● What this task involves
With the pictures removed, please write out every line below exactly as given.
(Raw data Opens)
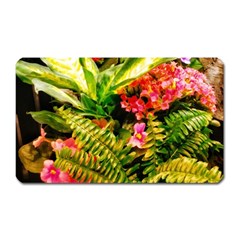 Fern Jungle Magnet (rectangular) by okhismakingart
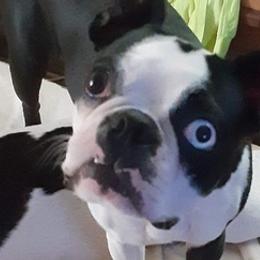 Boston Terriers from Sassafrass Hill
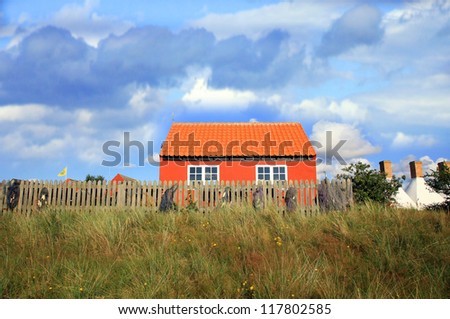 Typical red Scandinavian house on coastline in Snogebaek, early morning and violet flowers on dunes -  Bornholm, Denmark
(Raw data Closes)
● Result of this task
 Fern Jungle Magnet (rectangular) by okhismakingart
 Boston Terriers from Sassafrass Hill
 Typical red Scandinavian house on coastline in Snogebaek, early morning and violet flowers on dunes -  Bornholm, Denmark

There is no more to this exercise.